Reproduce exactly the line that contains "Persian Red Blue" and every line after it through the end of the records below, leaving out all pictures.

[Crawled caption data]
- Opening Delimiter -

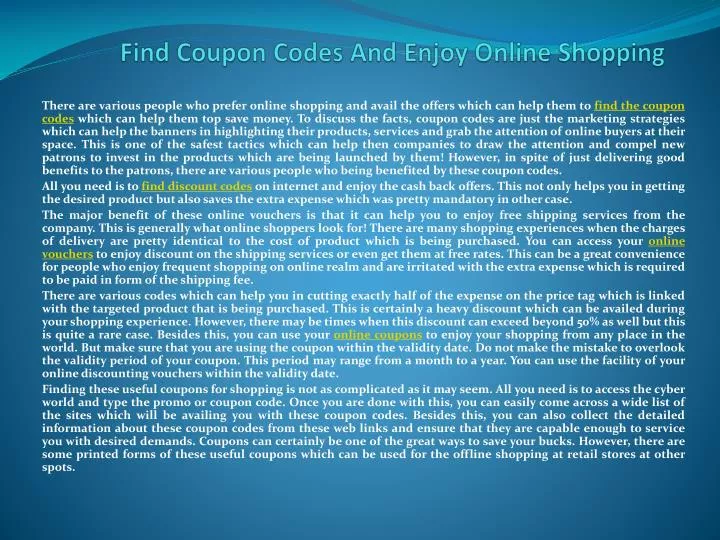 find coupon codes and enjoy online shopping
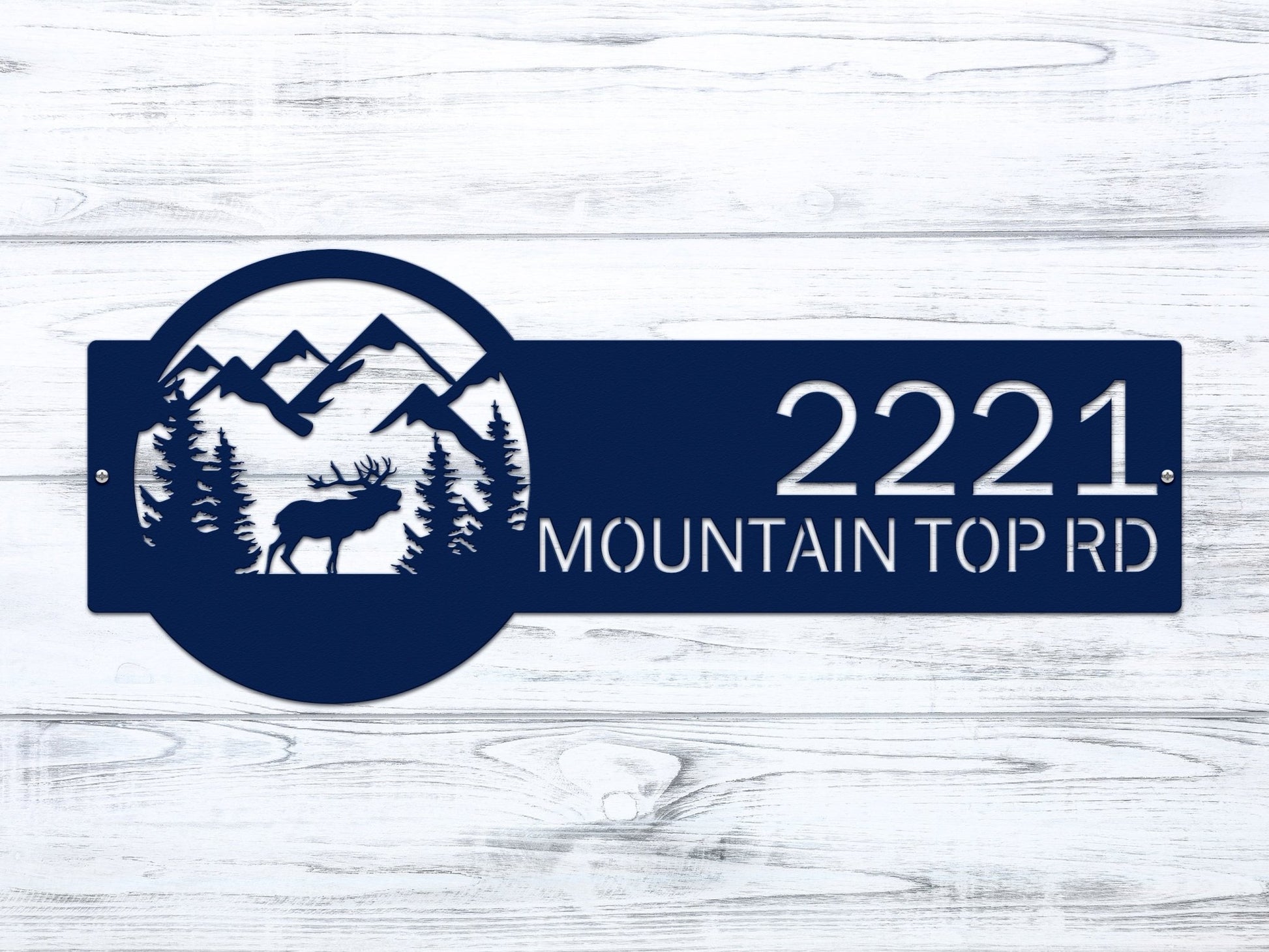 Mountain Elk Address Sign Plaque – Custom House Numbers & Street Name Sign – Weather - Resistant Outdoor Address Signs for Home Décor & Housewarming Gift - HouseSensationsArt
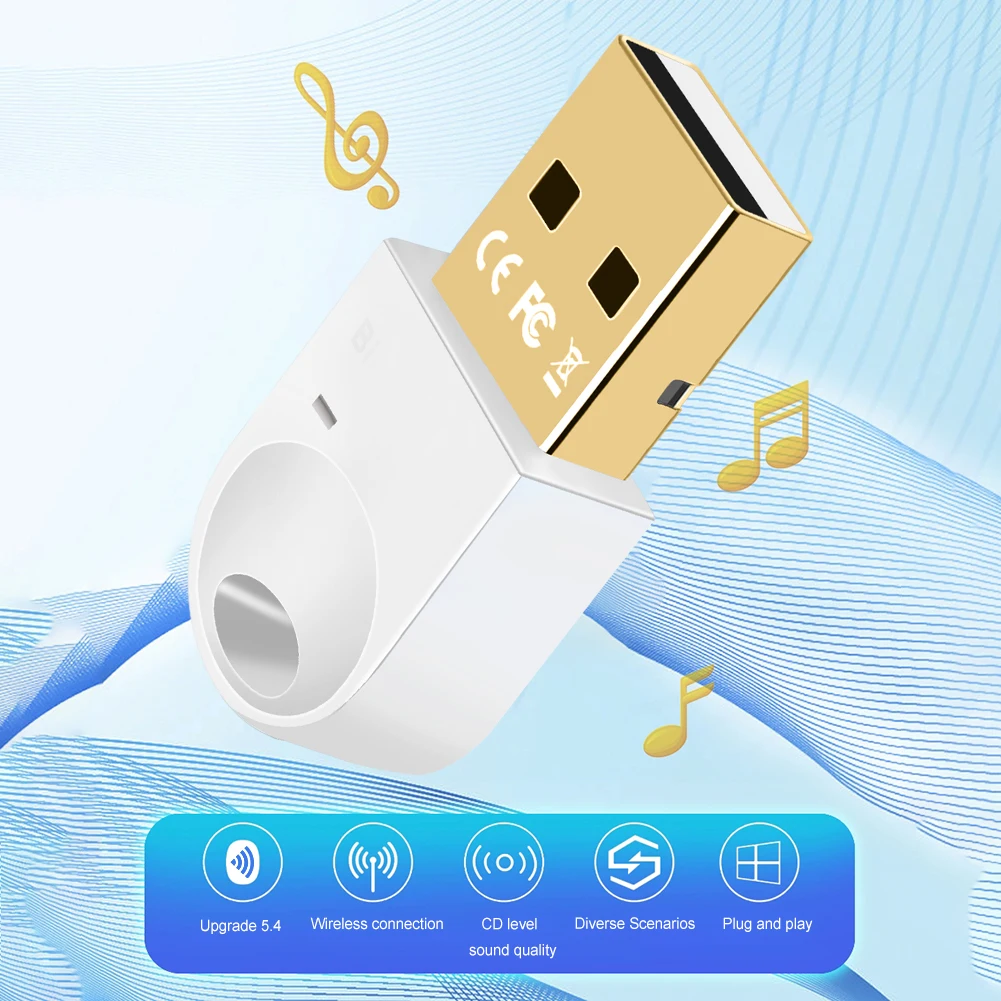 PC 동글 어댑터용 USB 블루투스 어댑터 송신기 리시버, 무선 마우스 키보드 오디오 리시버, Win11, 10/8.1 지원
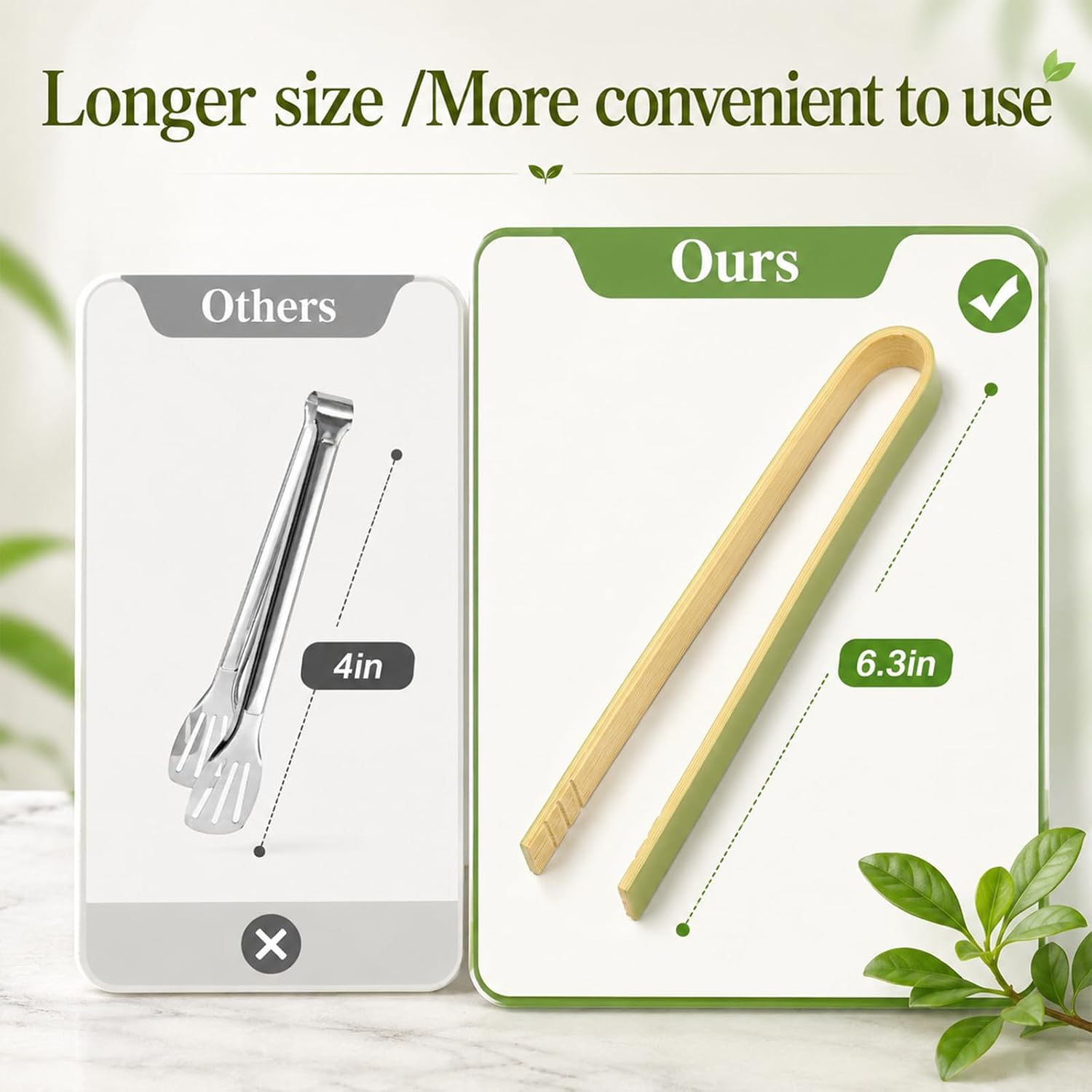 200 Pcs Bamboo Tongs for Charcuterie, 6.3 Inch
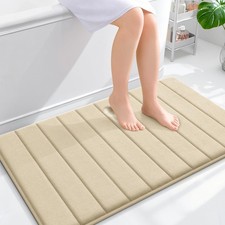 OLANLY Memory Foam Bath Mat 40x24, Super Soft Absorbent 40" X 24", Beige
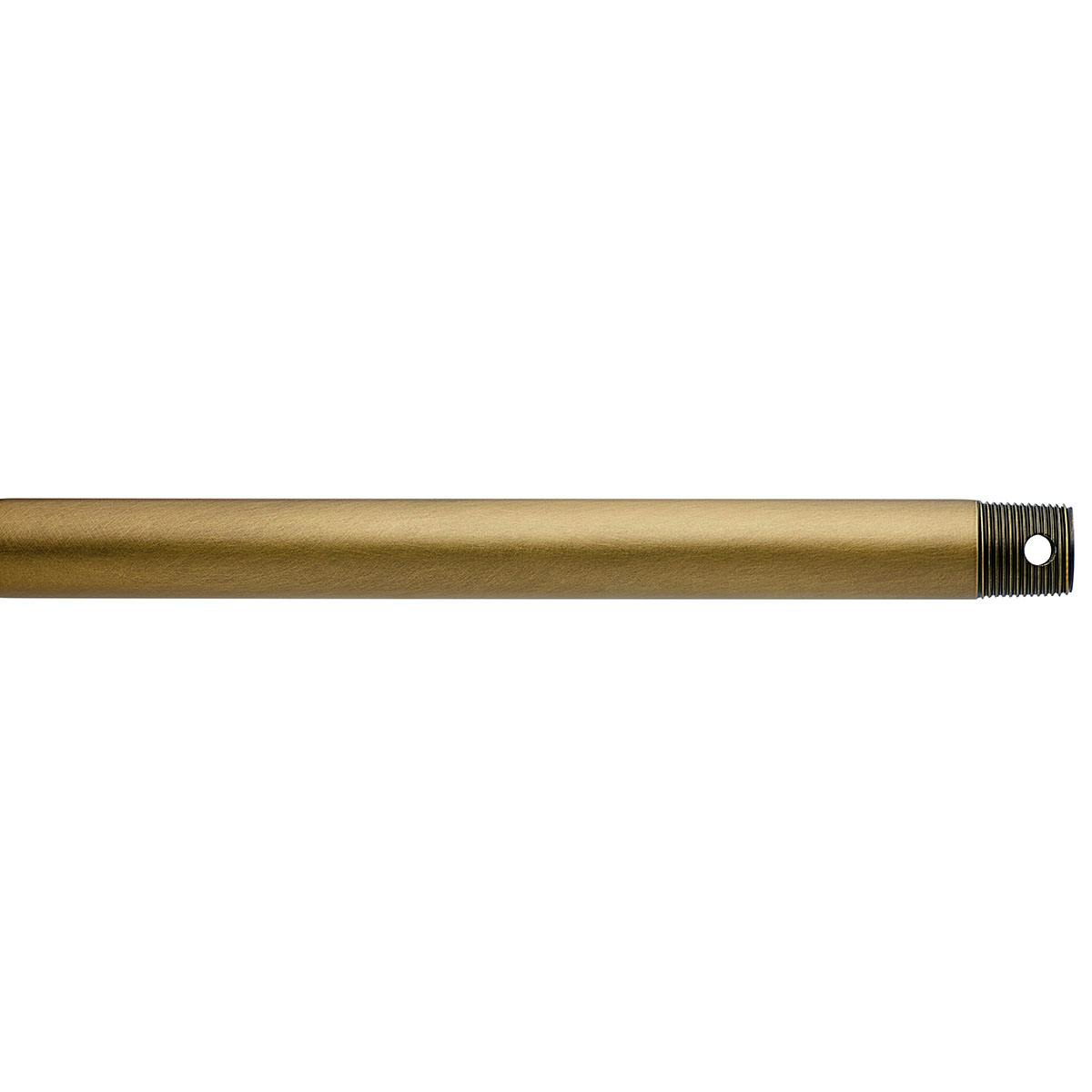 Dual Threaded 24" Downrod Natural Brass on a white background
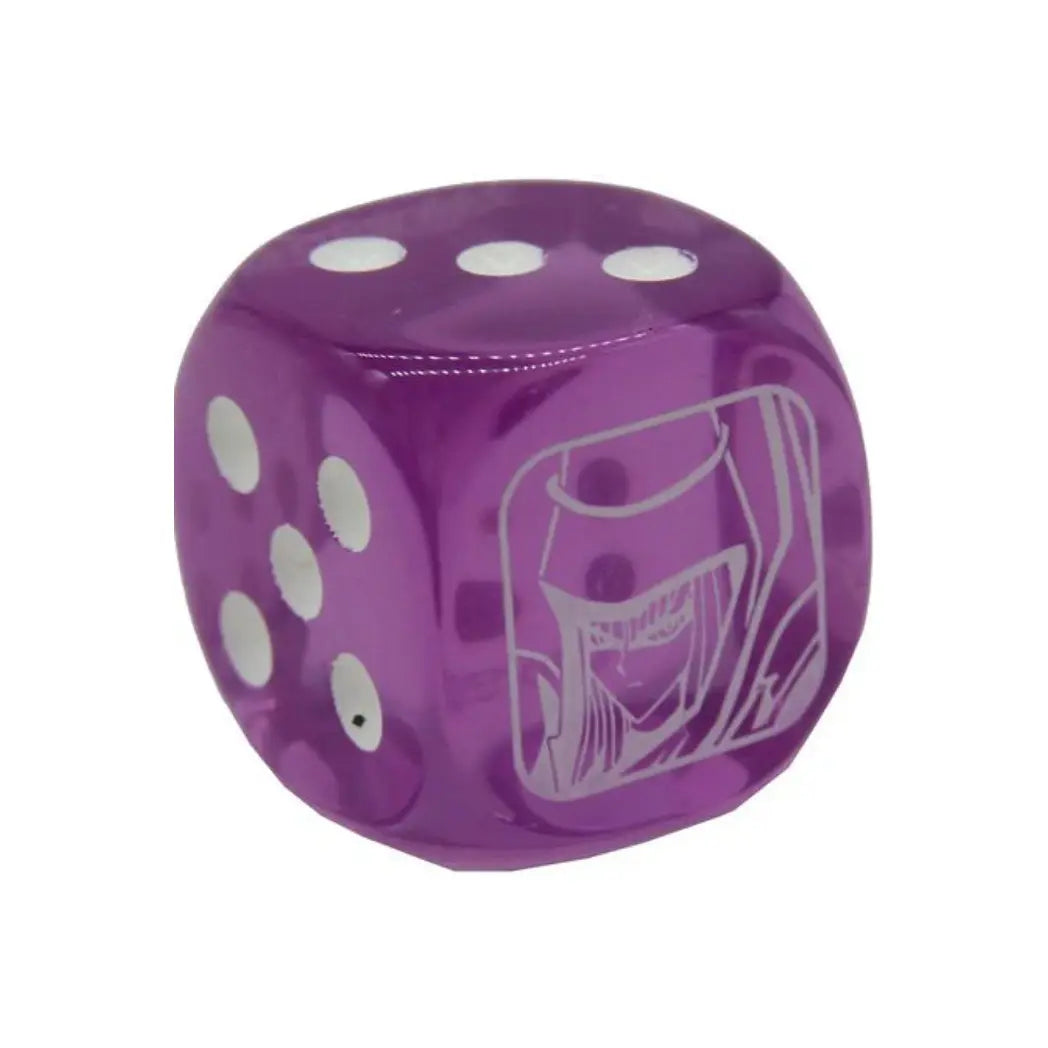 Translucent purple six-sided dice featuring a grey “Dark Magician” emblem from Legendary Duelists: Season 3, with white pips on a clean white background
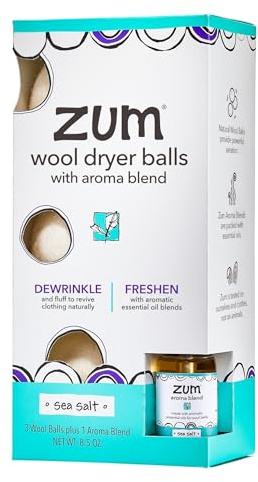 Zum Indigo Wild Laundry Dryer Balls Kit - Wool Laundry Balls for The Dryer - Essential Oil Spray - Reusable Drying Balls for Laundry - Sea Salt - (3 Dryer Balls, 1 Aroma Blend)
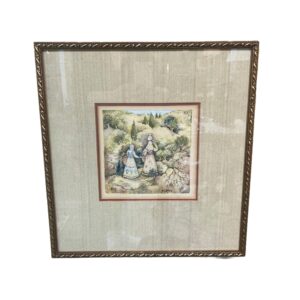 Original Israeli Watercolor of Two Women in Landscape Signed in Hebrew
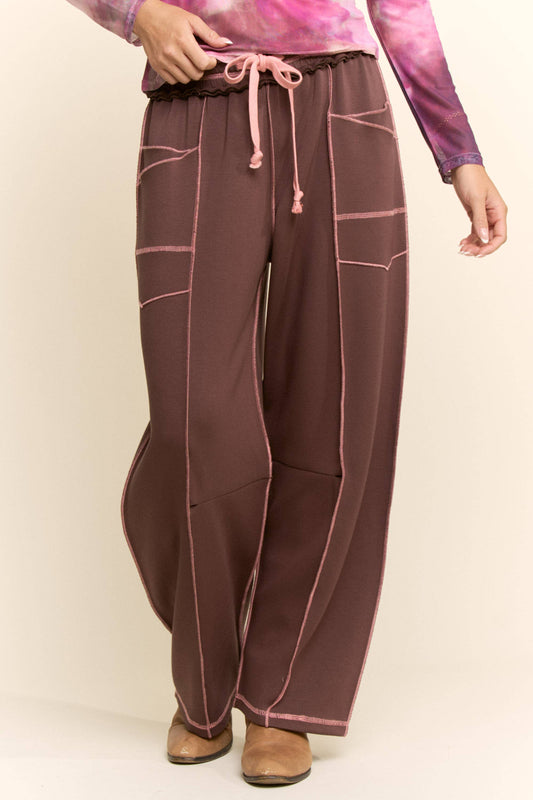 Mocha with Pink Trim Barrel Pants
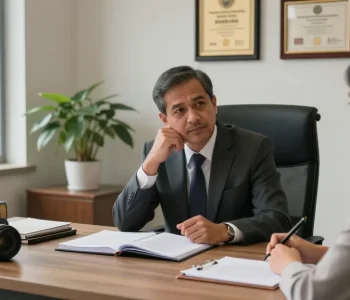 Lawyer consulting with a client, my explanation of legal services in a professional office setting.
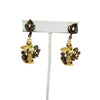 Vintage Geisha Enameled & Rhinestone Screw Back Earrings (A1044)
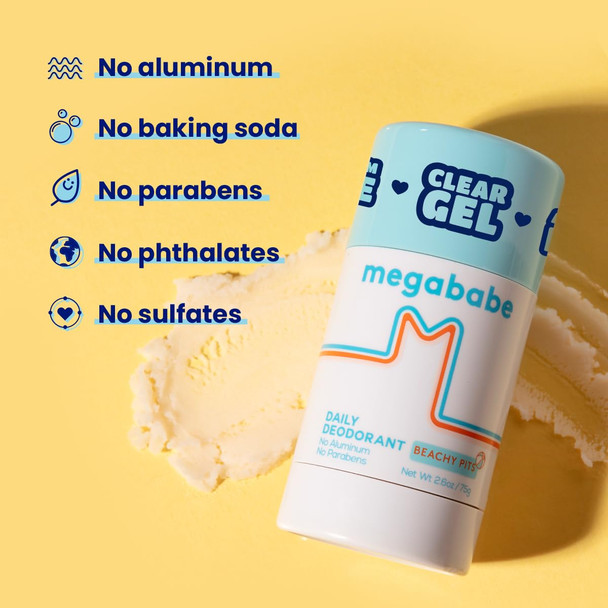 Megababe Beachy Pits Daily Deodorant, Fresh Scent, 2.6 Ounce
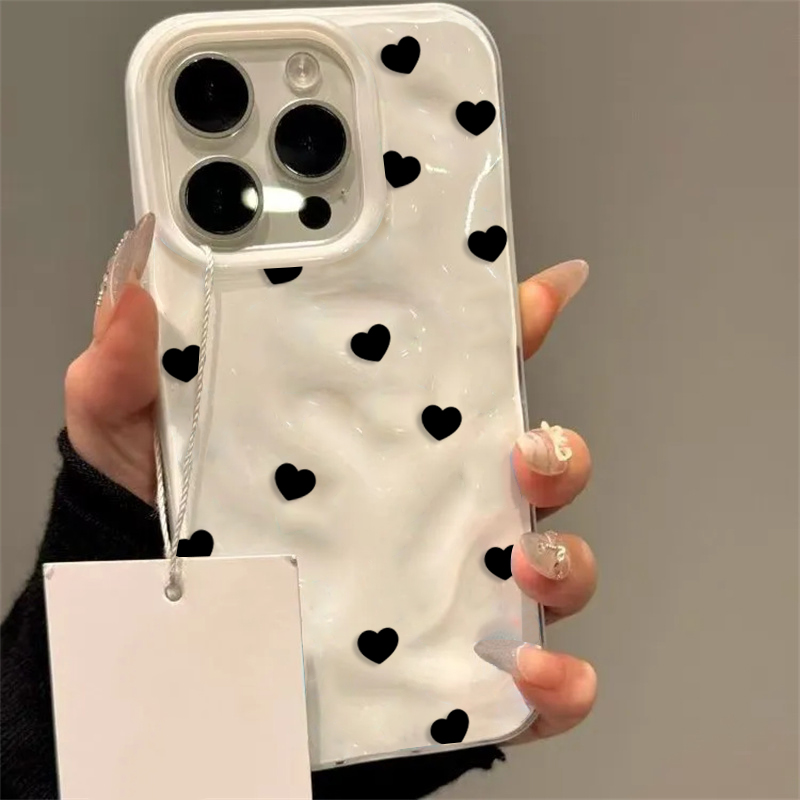 Aesthetic Cute Black Heart Sho - Phone Cases Aesthetic recension och pris
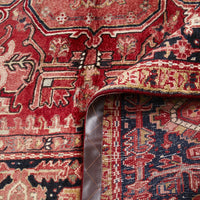 Persian Red Blue Beige Multi Colour Geometric Medallion Heriz Patterned Hand Knotted Wool Rug - 6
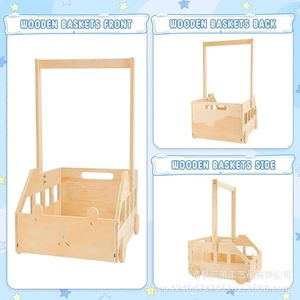 Wooden Car Shaped Baby <b>Clothes</b> <b>Rack</b> With Storage For 0-12 Months Solid Wood Desktop Organizer For Kids Toy And Clothing - Product Image 2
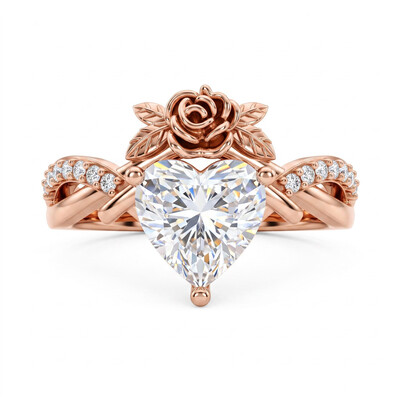 2.64 ct.tw. Heart Cut with Rose Flower Engagement Ring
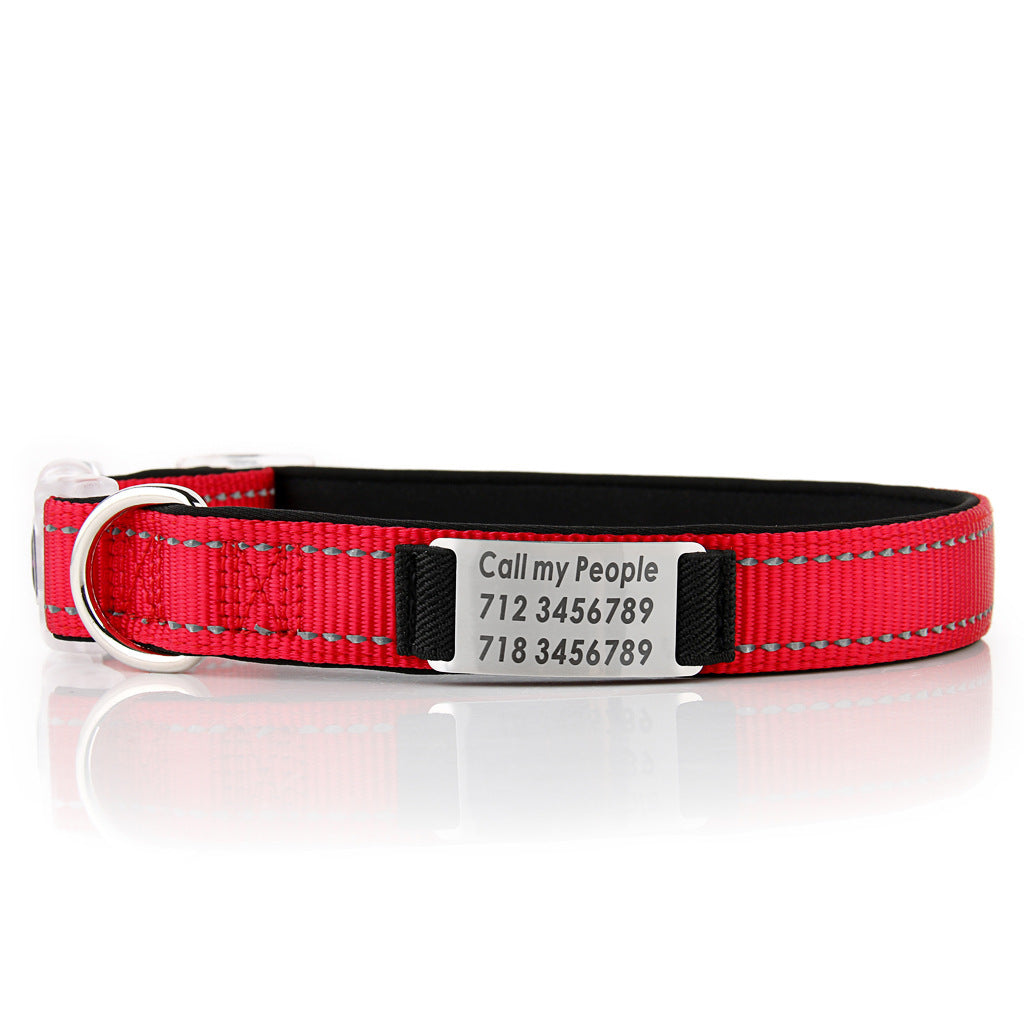 KFX-7894333 Customized Reflective Nylon Dog Collar with Neoprene Padding and Stainless Steel Tag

- Closing Delimiter -

#### THE COMPLETED TASK
 Persian Red Blue Beige Multi Colour Geometric Medallion Heriz Patterned Hand Knotted Wool Rug - 6
 Wooden Car Shaped Baby <b>Clothes</b> <b>Rack</b> With Storage For 0-12 Months Solid Wood Desktop Organizer For Kids Toy And Clothing - Product Image 2
 2.64 ct.tw. Heart Cut with Rose Flower Engagement Ring
 KFX-7894333 Customized Reflective Nylon Dog Collar with Neoprene Padding and Stainless Steel Tag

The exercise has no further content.